**Task brief**
Up through the line that contains "3 pokoje/duży balkon/zieleń", retype the entries exactly, beginning at the very first line.

%%

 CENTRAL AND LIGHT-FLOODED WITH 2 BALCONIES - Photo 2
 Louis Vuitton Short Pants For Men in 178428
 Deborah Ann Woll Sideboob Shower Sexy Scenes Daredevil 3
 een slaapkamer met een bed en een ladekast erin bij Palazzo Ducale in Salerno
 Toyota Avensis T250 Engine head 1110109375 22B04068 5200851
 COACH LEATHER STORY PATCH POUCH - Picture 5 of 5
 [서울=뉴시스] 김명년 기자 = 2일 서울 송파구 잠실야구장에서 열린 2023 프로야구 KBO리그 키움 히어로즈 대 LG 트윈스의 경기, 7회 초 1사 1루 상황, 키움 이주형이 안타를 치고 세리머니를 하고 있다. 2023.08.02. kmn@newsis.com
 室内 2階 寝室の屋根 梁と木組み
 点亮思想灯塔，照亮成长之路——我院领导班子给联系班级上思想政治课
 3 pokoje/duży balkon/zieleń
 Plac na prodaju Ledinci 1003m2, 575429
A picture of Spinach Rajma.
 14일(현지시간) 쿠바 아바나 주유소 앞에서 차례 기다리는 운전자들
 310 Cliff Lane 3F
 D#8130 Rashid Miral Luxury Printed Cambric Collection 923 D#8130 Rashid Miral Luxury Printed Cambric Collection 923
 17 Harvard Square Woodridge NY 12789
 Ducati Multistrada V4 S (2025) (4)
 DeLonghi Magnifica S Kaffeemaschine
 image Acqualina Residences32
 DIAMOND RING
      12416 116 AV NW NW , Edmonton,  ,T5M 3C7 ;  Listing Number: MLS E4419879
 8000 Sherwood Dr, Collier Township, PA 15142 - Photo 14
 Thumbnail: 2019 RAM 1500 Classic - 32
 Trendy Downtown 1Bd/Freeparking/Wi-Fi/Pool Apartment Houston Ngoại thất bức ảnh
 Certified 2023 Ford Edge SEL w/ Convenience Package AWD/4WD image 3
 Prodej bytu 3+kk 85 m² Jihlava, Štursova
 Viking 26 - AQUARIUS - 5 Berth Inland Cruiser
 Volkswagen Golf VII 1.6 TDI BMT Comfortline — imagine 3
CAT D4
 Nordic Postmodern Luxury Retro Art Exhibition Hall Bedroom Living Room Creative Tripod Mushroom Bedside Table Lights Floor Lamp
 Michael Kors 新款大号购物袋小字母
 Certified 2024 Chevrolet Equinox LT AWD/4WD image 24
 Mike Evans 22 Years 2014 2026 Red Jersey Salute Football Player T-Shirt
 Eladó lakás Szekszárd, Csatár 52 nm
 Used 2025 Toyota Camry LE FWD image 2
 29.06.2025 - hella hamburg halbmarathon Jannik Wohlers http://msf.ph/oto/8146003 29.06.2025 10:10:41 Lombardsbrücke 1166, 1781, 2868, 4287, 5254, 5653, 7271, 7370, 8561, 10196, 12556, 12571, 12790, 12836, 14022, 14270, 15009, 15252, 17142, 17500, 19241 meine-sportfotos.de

%%

**Answer box**
 CENTRAL AND LIGHT-FLOODED WITH 2 BALCONIES - Photo 2
 Louis Vuitton Short Pants For Men in 178428
 Deborah Ann Woll Sideboob Shower Sexy Scenes Daredevil 3
 een slaapkamer met een bed en een ladekast erin bij Palazzo Ducale in Salerno
 Toyota Avensis T250 Engine head 1110109375 22B04068 5200851
 COACH LEATHER STORY PATCH POUCH - Picture 5 of 5
 [서울=뉴시스] 김명년 기자 = 2일 서울 송파구 잠실야구장에서 열린 2023 프로야구 KBO리그 키움 히어로즈 대 LG 트윈스의 경기, 7회 초 1사 1루 상황, 키움 이주형이 안타를 치고 세리머니를 하고 있다. 2023.08.02. kmn@newsis.com
 室内 2階 寝室の屋根 梁と木組み
 点亮思想灯塔，照亮成长之路——我院领导班子给联系班级上思想政治课
 3 pokoje/duży balkon/zieleń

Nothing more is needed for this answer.